WORK ORDER: From the line that has "One-Bedroom Apartment image 3" down to the last line of the data below, set down every line exactly, but none of the pictures.

INPUT DATA:
___
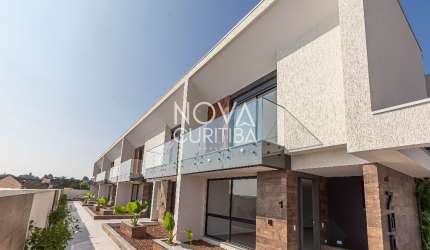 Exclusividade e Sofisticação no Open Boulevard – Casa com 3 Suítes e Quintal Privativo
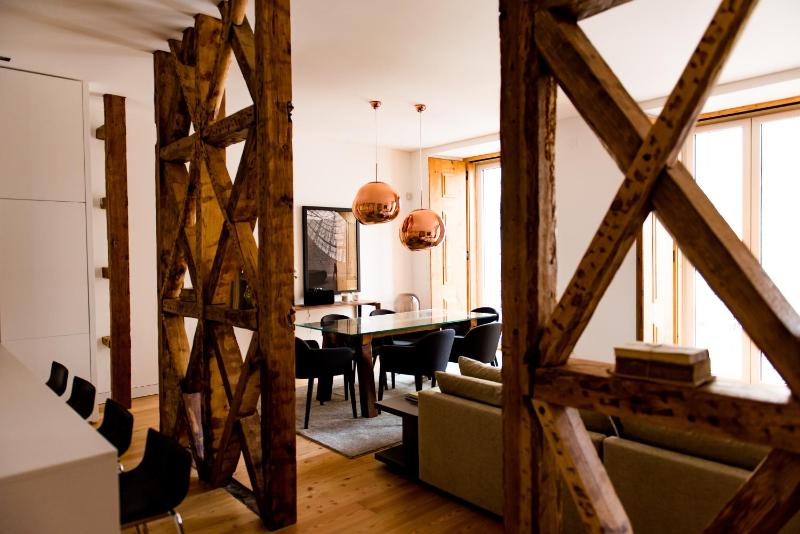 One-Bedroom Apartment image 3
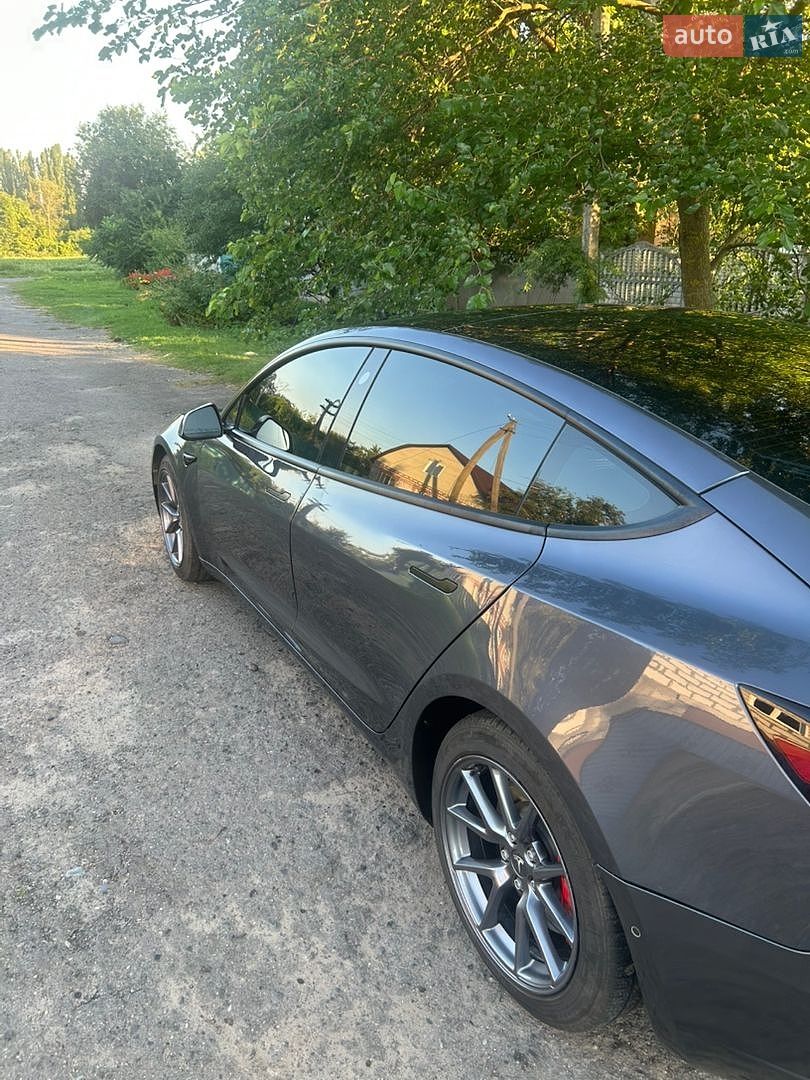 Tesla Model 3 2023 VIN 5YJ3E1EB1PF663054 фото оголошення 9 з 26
___
WORKED SOLUTION:
 One-Bedroom Apartment image 3
 Tesla Model 3 2023 VIN 5YJ3E1EB1PF663054 фото оголошення 9 з 26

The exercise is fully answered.